Before we meet Joy (Jennifer Lawrence), her family or mop, we’re privy to a scene from an absurd, fictionalised, soap opera. It’s overtly ridiculous and comical, an obvious parody that doubles up as a, literally at times, nightmarish representation of Joy’s life. As the soap opera retracts back into the television Linus Sandgren’s camera ghosts through the house introducing the exhausting clutter of personalities that fills Joy’s home. Her mother Terri (Virginia Madsen) is bed-bound glued to the TV, her ex-husband Tony (Édgar Ramírez) and cantankerous father Rudy (Robert De Niro) live acrimoniously in the basement, and her grandmother (Diane Ladd) drifts dreamily through, leaving Joy looking after her two kids along with everyone else. Did I mention her house is falling down too?

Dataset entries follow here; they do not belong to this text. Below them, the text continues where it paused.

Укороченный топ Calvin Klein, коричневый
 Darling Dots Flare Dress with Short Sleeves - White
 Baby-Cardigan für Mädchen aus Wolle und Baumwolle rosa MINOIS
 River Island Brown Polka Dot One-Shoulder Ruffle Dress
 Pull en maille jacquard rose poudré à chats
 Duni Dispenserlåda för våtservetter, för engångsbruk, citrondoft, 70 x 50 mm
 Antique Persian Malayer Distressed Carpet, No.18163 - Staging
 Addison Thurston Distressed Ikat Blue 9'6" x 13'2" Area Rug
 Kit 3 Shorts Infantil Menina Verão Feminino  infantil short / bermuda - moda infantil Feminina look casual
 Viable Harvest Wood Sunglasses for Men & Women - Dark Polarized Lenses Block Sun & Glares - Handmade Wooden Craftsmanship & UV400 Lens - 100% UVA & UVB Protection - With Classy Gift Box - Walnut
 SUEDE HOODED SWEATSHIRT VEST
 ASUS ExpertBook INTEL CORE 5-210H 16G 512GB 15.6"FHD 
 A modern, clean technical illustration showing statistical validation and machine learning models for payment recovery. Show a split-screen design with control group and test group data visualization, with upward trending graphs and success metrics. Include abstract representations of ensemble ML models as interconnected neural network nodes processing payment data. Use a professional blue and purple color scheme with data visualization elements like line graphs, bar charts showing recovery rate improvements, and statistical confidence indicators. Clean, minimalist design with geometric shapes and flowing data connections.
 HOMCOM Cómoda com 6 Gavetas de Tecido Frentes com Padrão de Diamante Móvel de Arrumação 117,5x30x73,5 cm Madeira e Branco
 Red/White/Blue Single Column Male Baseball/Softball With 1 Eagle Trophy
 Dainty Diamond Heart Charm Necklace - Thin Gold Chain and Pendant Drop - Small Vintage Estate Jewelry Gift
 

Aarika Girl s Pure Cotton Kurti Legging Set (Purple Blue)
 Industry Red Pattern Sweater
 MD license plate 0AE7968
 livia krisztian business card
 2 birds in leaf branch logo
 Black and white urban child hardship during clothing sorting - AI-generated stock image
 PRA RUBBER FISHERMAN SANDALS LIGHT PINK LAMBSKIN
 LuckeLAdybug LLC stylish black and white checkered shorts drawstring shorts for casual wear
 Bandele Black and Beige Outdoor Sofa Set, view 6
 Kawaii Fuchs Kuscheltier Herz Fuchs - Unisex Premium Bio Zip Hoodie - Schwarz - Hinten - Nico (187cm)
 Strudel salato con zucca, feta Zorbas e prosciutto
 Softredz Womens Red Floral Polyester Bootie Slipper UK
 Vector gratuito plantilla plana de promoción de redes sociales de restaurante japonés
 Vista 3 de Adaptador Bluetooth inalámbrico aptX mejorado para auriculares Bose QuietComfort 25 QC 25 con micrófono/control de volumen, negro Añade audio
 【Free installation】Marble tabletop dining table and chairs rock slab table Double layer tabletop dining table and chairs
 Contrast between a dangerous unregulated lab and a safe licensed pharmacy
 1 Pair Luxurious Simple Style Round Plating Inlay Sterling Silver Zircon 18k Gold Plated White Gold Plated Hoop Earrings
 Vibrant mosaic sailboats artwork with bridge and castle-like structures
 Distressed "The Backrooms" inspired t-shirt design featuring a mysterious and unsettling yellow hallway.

joy-gallery3-gallery-image

This dysfunctional set up is reminiscent of complicated dynamics in American Hustle and Silver Linings Playbook’, but Joy is riddled with even bolder personalities waging verbal tirades through the domestic war-zone. Witnessing this complex situation we see Joy’s competency along with the pressures exerted on her from all sides – she’s a domestic goddess in essence. However, this cacophony of personalities overwhelms immediately, even more so when Joy’s half-sister Peggy (Elisabeth Röhm) and Rudy’s partner Trudy (Isabella Rossellini) bundle in. Russell’s operatic style of writing only adds to the clutter in front us. There are just too many characters competing for too little space. It’s like being stuck in an eternal family knock down drag out over the Christmas dinner – lots of noise, little purpose to it all.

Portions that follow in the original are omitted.